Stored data
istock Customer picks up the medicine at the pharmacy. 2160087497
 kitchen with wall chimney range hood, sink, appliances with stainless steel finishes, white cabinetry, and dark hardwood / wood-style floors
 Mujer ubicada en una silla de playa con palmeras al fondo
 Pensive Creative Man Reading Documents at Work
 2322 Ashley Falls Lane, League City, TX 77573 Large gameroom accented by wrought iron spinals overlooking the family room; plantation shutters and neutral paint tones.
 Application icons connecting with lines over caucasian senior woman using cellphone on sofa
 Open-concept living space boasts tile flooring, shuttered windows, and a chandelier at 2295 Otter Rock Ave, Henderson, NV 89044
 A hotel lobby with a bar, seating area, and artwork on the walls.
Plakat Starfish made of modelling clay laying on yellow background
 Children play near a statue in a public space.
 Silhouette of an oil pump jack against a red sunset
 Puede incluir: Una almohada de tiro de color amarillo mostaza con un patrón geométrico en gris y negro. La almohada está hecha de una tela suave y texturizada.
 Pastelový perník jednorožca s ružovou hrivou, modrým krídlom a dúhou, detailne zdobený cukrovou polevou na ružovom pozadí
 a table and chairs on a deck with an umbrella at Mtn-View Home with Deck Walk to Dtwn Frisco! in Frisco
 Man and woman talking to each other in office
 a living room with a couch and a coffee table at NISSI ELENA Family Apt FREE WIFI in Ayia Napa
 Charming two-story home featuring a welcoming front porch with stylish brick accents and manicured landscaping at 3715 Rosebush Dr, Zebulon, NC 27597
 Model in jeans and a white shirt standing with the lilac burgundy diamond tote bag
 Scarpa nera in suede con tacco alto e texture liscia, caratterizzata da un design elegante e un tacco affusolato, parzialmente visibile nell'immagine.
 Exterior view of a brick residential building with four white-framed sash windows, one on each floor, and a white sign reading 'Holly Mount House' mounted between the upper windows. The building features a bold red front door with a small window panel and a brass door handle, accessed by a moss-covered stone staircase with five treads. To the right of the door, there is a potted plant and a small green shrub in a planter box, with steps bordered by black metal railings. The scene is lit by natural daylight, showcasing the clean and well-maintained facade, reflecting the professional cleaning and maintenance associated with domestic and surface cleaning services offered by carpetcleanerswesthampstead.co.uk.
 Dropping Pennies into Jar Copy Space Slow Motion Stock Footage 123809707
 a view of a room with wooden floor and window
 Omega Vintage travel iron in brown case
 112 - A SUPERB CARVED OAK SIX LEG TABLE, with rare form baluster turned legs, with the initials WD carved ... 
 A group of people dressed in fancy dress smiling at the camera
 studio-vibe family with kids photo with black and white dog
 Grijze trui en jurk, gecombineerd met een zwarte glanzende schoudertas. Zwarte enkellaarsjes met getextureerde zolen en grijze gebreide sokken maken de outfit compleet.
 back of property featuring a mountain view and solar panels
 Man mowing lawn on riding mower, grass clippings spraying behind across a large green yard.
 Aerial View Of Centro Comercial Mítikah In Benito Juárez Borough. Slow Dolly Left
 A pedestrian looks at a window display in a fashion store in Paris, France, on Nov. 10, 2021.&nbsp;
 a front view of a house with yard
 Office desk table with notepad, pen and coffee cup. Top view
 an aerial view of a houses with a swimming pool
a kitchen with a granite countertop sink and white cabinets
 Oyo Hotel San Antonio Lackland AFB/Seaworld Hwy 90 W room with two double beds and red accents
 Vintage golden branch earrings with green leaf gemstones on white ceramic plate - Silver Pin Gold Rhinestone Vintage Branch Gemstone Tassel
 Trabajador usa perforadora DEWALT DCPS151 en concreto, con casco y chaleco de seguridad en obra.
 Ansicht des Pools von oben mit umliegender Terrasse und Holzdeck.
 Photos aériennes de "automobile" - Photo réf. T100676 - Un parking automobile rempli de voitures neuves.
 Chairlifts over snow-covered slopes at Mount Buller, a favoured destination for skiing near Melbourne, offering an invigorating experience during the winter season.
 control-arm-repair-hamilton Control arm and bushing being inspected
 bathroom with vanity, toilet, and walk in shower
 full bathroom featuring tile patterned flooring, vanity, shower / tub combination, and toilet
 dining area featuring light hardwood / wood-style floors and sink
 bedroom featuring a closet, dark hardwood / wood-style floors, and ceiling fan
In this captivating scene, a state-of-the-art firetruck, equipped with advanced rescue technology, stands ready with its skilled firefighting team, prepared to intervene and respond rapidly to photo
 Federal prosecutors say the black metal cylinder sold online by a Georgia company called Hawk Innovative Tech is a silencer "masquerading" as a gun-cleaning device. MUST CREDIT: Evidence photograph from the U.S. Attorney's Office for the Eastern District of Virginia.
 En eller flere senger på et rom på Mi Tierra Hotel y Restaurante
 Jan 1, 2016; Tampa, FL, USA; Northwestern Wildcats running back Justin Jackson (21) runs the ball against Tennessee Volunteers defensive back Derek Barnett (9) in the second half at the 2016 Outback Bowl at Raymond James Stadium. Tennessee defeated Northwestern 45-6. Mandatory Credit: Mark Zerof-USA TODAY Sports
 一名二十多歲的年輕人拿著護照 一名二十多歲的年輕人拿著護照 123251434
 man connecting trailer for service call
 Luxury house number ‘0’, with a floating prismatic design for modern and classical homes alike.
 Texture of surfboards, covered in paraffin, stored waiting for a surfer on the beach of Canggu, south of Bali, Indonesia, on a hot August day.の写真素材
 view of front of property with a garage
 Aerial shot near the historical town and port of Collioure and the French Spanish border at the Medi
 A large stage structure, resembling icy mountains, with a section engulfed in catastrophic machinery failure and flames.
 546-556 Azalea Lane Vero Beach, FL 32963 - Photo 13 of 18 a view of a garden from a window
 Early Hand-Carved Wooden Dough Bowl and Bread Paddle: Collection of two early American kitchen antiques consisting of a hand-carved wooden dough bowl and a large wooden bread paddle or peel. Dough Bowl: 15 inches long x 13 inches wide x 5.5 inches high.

- **What you have to do**: Retype each record in full, please.

- **Exercise output**:
istock Customer picks up the medicine at the pharmacy. 2160087497
 kitchen with wall chimney range hood, sink, appliances with stainless steel finishes, white cabinetry, and dark hardwood / wood-style floors
 Mujer ubicada en una silla de playa con palmeras al fondo
 Pensive Creative Man Reading Documents at Work
 2322 Ashley Falls Lane, League City, TX 77573 Large gameroom accented by wrought iron spinals overlooking the family room; plantation shutters and neutral paint tones.
 Application icons connecting with lines over caucasian senior woman using cellphone on sofa
 Open-concept living space boasts tile flooring, shuttered windows, and a chandelier at 2295 Otter Rock Ave, Henderson, NV 89044
 A hotel lobby with a bar, seating area, and artwork on the walls.
Plakat Starfish made of modelling clay laying on yellow background
 Children play near a statue in a public space.
 Silhouette of an oil pump jack against a red sunset
 Puede incluir: Una almohada de tiro de color amarillo mostaza con un patrón geométrico en gris y negro. La almohada está hecha de una tela suave y texturizada.
 Pastelový perník jednorožca s ružovou hrivou, modrým krídlom a dúhou, detailne zdobený cukrovou polevou na ružovom pozadí
 a table and chairs on a deck with an umbrella at Mtn-View Home with Deck Walk to Dtwn Frisco! in Frisco
 Man and woman talking to each other in office
 a living room with a couch and a coffee table at NISSI ELENA Family Apt FREE WIFI in Ayia Napa
 Charming two-story home featuring a welcoming front porch with stylish brick accents and manicured landscaping at 3715 Rosebush Dr, Zebulon, NC 27597
 Model in jeans and a white shirt standing with the lilac burgundy diamond tote bag
 Scarpa nera in suede con tacco alto e texture liscia, caratterizzata da un design elegante e un tacco affusolato, parzialmente visibile nell'immagine.
 Exterior view of a brick residential building with four white-framed sash windows, one on each floor, and a white sign reading 'Holly Mount House' mounted between the upper windows. The building features a bold red front door with a small window panel and a brass door handle, accessed by a moss-covered stone staircase with five treads. To the right of the door, there is a potted plant and a small green shrub in a planter box, with steps bordered by black metal railings. The scene is lit by natural daylight, showcasing the clean and well-maintained facade, reflecting the professional cleaning and maintenance associated with domestic and surface cleaning services offered by carpetcleanerswesthampstead.co.uk.
 Dropping Pennies into Jar Copy Space Slow Motion Stock Footage 123809707
 a view of a room with wooden floor and window
 Omega Vintage travel iron in brown case
 112 - A SUPERB CARVED OAK SIX LEG TABLE, with rare form baluster turned legs, with the initials WD carved ... 
 A group of people dressed in fancy dress smiling at the camera
 studio-vibe family with kids photo with black and white dog
 Grijze trui en jurk, gecombineerd met een zwarte glanzende schoudertas. Zwarte enkellaarsjes met getextureerde zolen en grijze gebreide sokken maken de outfit compleet.
 back of property featuring a mountain view and solar panels
 Man mowing lawn on riding mower, grass clippings spraying behind across a large green yard.
 Aerial View Of Centro Comercial Mítikah In Benito Juárez Borough. Slow Dolly Left
 A pedestrian looks at a window display in a fashion store in Paris, France, on Nov. 10, 2021.&nbsp;
 a front view of a house with yard
 Office desk table with notepad, pen and coffee cup. Top view
 an aerial view of a houses with a swimming pool
a kitchen with a granite countertop sink and white cabinets
 Oyo Hotel San Antonio Lackland AFB/Seaworld Hwy 90 W room with two double beds and red accents
 Vintage golden branch earrings with green leaf gemstones on white ceramic plate - Silver Pin Gold Rhinestone Vintage Branch Gemstone Tassel
 Trabajador usa perforadora DEWALT DCPS151 en concreto, con casco y chaleco de seguridad en obra.
 Ansicht des Pools von oben mit umliegender Terrasse und Holzdeck.
 Photos aériennes de "automobile" - Photo réf. T100676 - Un parking automobile rempli de voitures neuves.
 Chairlifts over snow-covered slopes at Mount Buller, a favoured destination for skiing near Melbourne, offering an invigorating experience during the winter season.
 control-arm-repair-hamilton Control arm and bushing being inspected
 bathroom with vanity, toilet, and walk in shower
 full bathroom featuring tile patterned flooring, vanity, shower / tub combination, and toilet
 dining area featuring light hardwood / wood-style floors and sink
 bedroom featuring a closet, dark hardwood / wood-style floors, and ceiling fan
In this captivating scene, a state-of-the-art firetruck, equipped with advanced rescue technology, stands ready with its skilled firefighting team, prepared to intervene and respond rapidly to photo
 Federal prosecutors say the black metal cylinder sold online by a Georgia company called Hawk Innovative Tech is a silencer "masquerading" as a gun-cleaning device. MUST CREDIT: Evidence photograph from the U.S. Attorney's Office for the Eastern District of Virginia.
 En eller flere senger på et rom på Mi Tierra Hotel y Restaurante
 Jan 1, 2016; Tampa, FL, USA; Northwestern Wildcats running back Justin Jackson (21) runs the ball against Tennessee Volunteers defensive back Derek Barnett (9) in the second half at the 2016 Outback Bowl at Raymond James Stadium. Tennessee defeated Northwestern 45-6. Mandatory Credit: Mark Zerof-USA TODAY Sports
 一名二十多歲的年輕人拿著護照 一名二十多歲的年輕人拿著護照 123251434
 man connecting trailer for service call
 Luxury house number ‘0’, with a floating prismatic design for modern and classical homes alike.
 Texture of surfboards, covered in paraffin, stored waiting for a surfer on the beach of Canggu, south of Bali, Indonesia, on a hot August day.の写真素材
 view of front of property with a garage
 Aerial shot near the historical town and port of Collioure and the French Spanish border at the Medi
 A large stage structure, resembling icy mountains, with a section engulfed in catastrophic machinery failure and flames.
 546-556 Azalea Lane Vero Beach, FL 32963 - Photo 13 of 18 a view of a garden from a window
 Early Hand-Carved Wooden Dough Bowl and Bread Paddle: Collection of two early American kitchen antiques consisting of a hand-carved wooden dough bowl and a large wooden bread paddle or peel. Dough Bowl: 15 inches long x 13 inches wide x 5.5 inches high.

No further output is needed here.